ADVERTISEMENT

Sweet Retreat made Twinkie minions during the movie run of “Despicable Me.” The bakery is pondering a sequel.

.,

Rosenblum: A Twinkie by any other name would taste as sweet

  • Article by: GAIL ROSENBLUM
  • Star Tribune
  • December 10, 2012 - 9:04 PM

I'm here to report that the death of the Twinkie has been greatly exaggerated.

You can decide if that's comforting news.

It is true that Hostess Brands, which created the elongated spongecakes infused with creme filling in 1930, has begun liquidation. That leaves several million sugar-crazed Americans losing sleep over where to get their next Twinkie fix (excluding the guy who paid $500 for a box on eBay).

As potential buyers swoop in to possibly breath new life into the nostalgia-inducing, preservative-loaded snack, one financial analyst said last week that a new owner would have to innovate, modernize and -- get ready -- incorporate healthier ingredients.

Or the owner could just get in line at a few Minnesota bakeries. They've found a need and filled it.

A week ago, A Baker's Wife quickly ran out of its first batch of a healthier Twinkie. The south Minneapolis bakery is making its muted-yellow cakes from scratch and filling them with butter creme, all for a buck. Word from counter servers is that customers were coming through the door saying, "I understand you have Twinkies now!" Yes, but better.

"They don't have that fakey, chemical taste," said Sabrina James, a server at Buster's on 28th, around the corner from the bakery, who finally tried one after hearing about them for a week.

"We really can't keep up with the demand," said Ginny Forti, owner of Sunrise Bakery in Hibbing. Forti's bakery specializes in culinary delights such as potica, cardamom biscuits and biscotti. But customers are wild about her company's "Banana Flips," now being sold at Jerry's Foods in Edina and shipped across the country.
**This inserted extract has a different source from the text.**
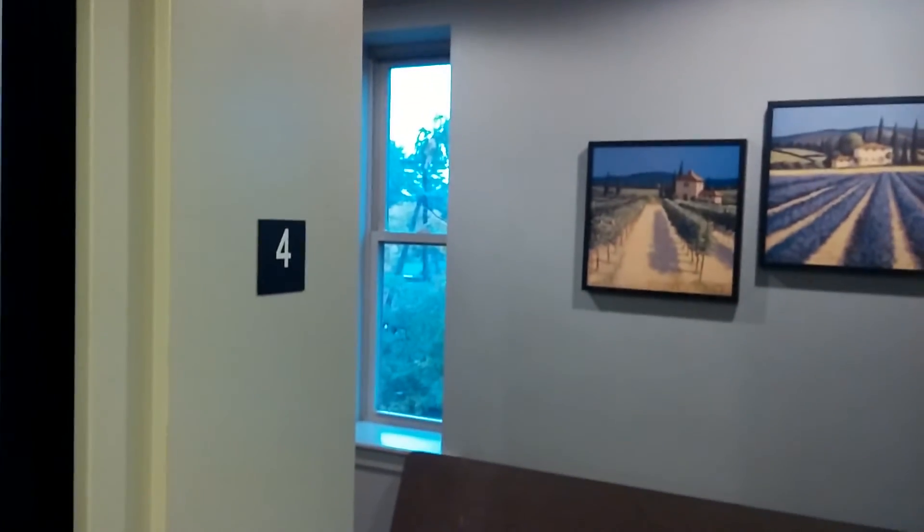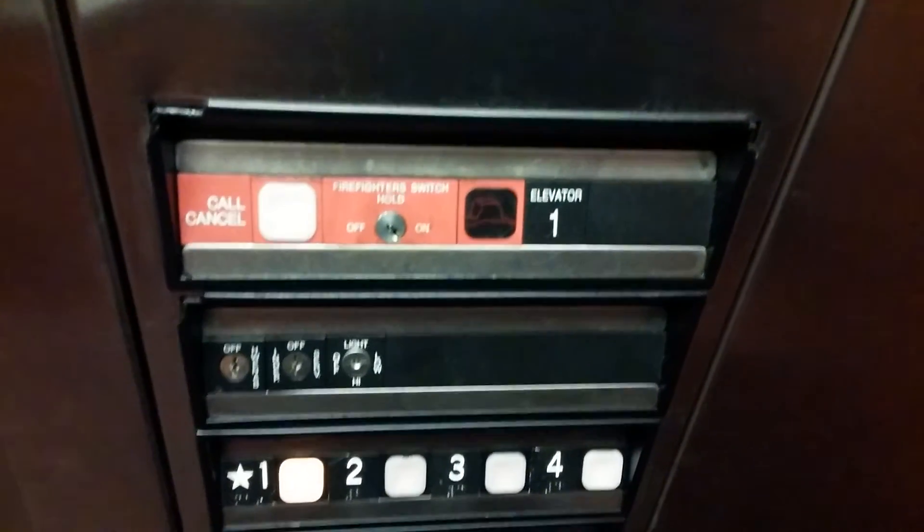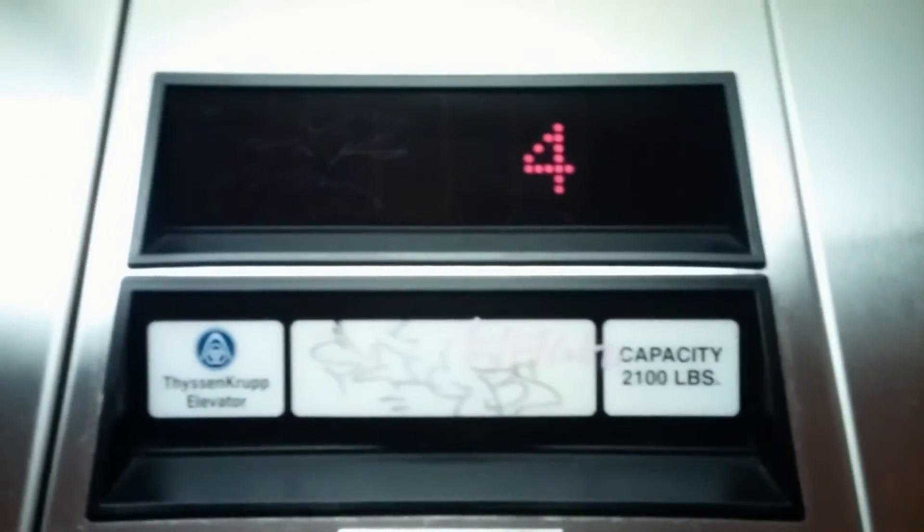Nice view of downtown Northampton. Let's go to one. Got your indicator.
Forti's flips, like the original Twinkies, are filled with banana cream. Unlike Twinkies, they're additive- and preservative-free, which means you should eat them quickly. But they weigh 6 ounces each, so good luck. "They're quite large," Forti said. "If anyone can eat a whole one," she said, "they deserve a medal."

A brief word here about shelf life. It's not kind to speak ill of the dead, so I'm going to bust the persistent rumor that the packaged Twinkies we ate in 2012 were produced during the Reagan administration. Fact-checking website snopes.com recently assured one worried consumer that the snack cakes did not contain embalming fluid. Nor is it true that they were never food at all, but rather "some strange type of artificial, manufactured item shaped and flavored to resemble a cake-like offering."
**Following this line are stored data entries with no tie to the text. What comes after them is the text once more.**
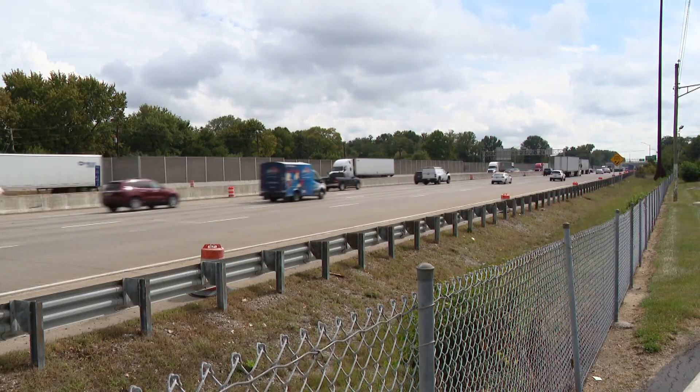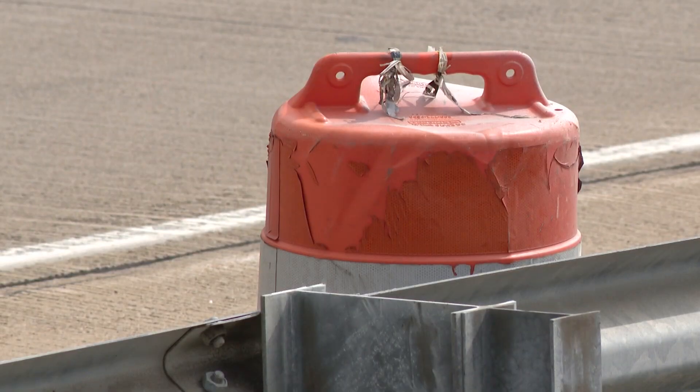INDOT says nearly 200,000 drivers will be impacted using this portion of 465 each and every day. This project is expected to take a couple of weeks, finishing up on October 16th. You can always keep an eye on traffic conditions with our Kelly Green. INDOT also urges you to use TrafficWise for up-to-date traffic alerts. Coming up at 6:30, you'll hear from INDOT on why this project is so important to complete now rather than later.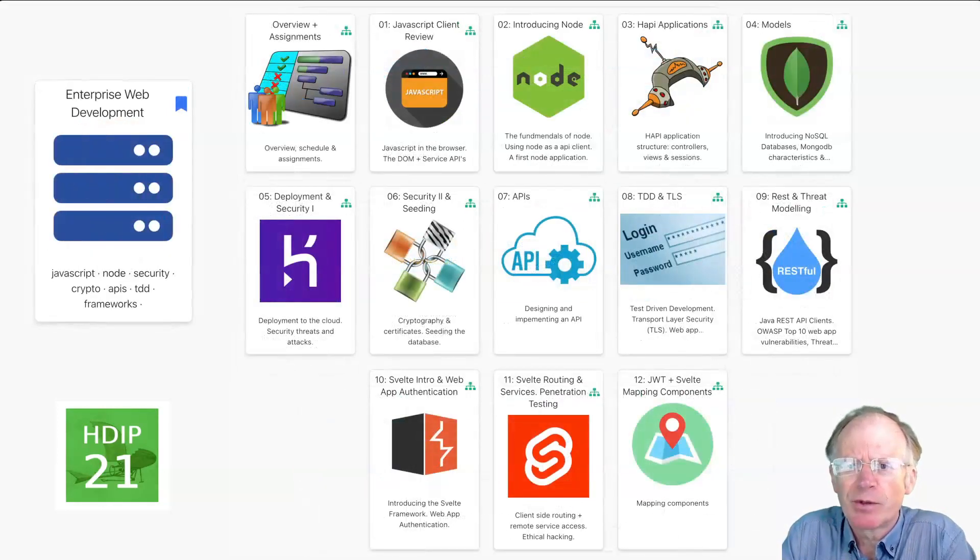In semester three, we build on these solid foundations with a deep dive into secure full-stack web application development. We do this in JavaScript, TypeScript and Node, exploring MV star patterns, MongoDB, API development, TDD practices and front-end frameworks. This is covered in the context of foundational security principles including basic cryptography, authentication and threat modelling.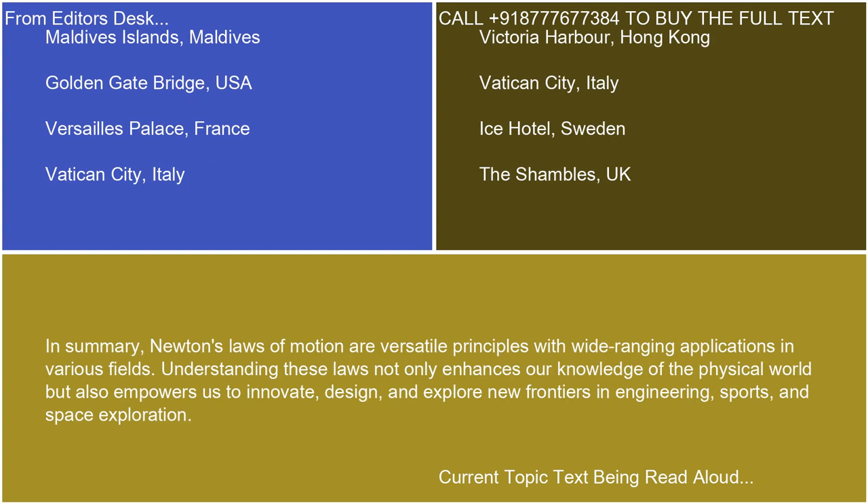In summary, Newton's laws of motion are versatile principles with wide-ranging applications in various fields. Understanding these laws not only enhances our knowledge of the physical world, but also empowers us to innovate, design, and explore new frontiers in engineering, sports, and space exploration.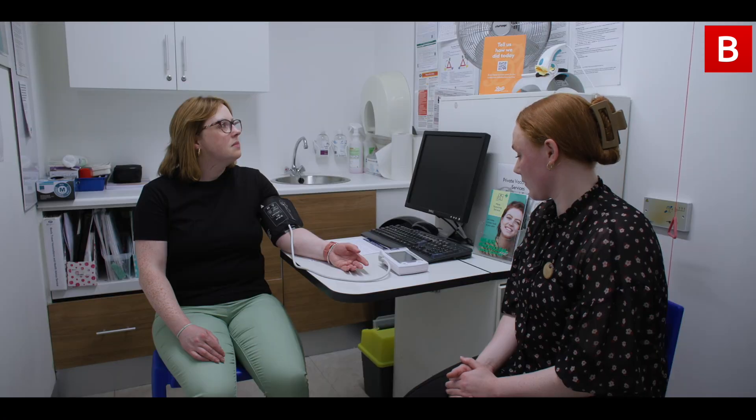There are lots of different things that can affect your blood pressure readings. That includes diet, smoking, alcohol, and weight — all of these things can have a negative effect on your blood pressure. So it's important to look at these lifestyle measures and see if there's anything that you can improve on, and in turn that can improve your blood pressure and your overall health as well.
The Twinkie truth, according to snopes: 27-day shelf life, 160 calories and, at the peak of popularity, 500 million consumed annually.

No wonder Robin Johnson is considering jumping on the Twinkie bandwagon again. The owner of Sweet Retreat in Edina used real Twinkies to create edible minions when the movie "Despicable Me" came out. "We did a ton of those," she said.
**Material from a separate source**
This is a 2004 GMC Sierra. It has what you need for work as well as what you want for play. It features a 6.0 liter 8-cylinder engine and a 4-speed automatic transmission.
With Despicable Me 2 coming out in 2013, might she consider building a better batter? "We're going to have to think of something," she said.

Lynne Hackman, pastry manager at Minneapolis' Franklin Street Bakery, did her twist on the Twinkie three years ago, dipping a white sponge cake in chocolate. For some reason, it didn't take off. But now? "We might consider doing it again," she said.

Not everybody wants to emulate Twinkies. Rita Schleicher, general manager of Salty Tart in Minneapolis, is absolutely not planning to offer any such thing. "I would recommend that we all step up our excellence programs in pastry," she said. This certainly is going to be my New Year's resolution now.

Nope was also the answer at Butter Bakery Cafe and Rustica, both in Minneapolis.

Yum and Patisserie 46, also in Minneapolis, prefer to take their sweet time. "We've been tossing it around," said Patisserie 46 owner John Kraus. "Perhaps a Madeleine sponge cake with mascarpone custard filling?"

Kraus, who grew up on pastry cakes in Kentucky, won't leap, though, "until I figure out how to make the perfect shape."

Childhood memories are sweet, aren't they? Don't mess with them.

Kara Younkin Viswanathan understands that. Her Bars Bakery in St. Paul makes its own version of the Pop Tart. "I'm interested in trying it," she said of Twinkies.

"We brought it up jokingly, but there's an avenue for that kind of thing."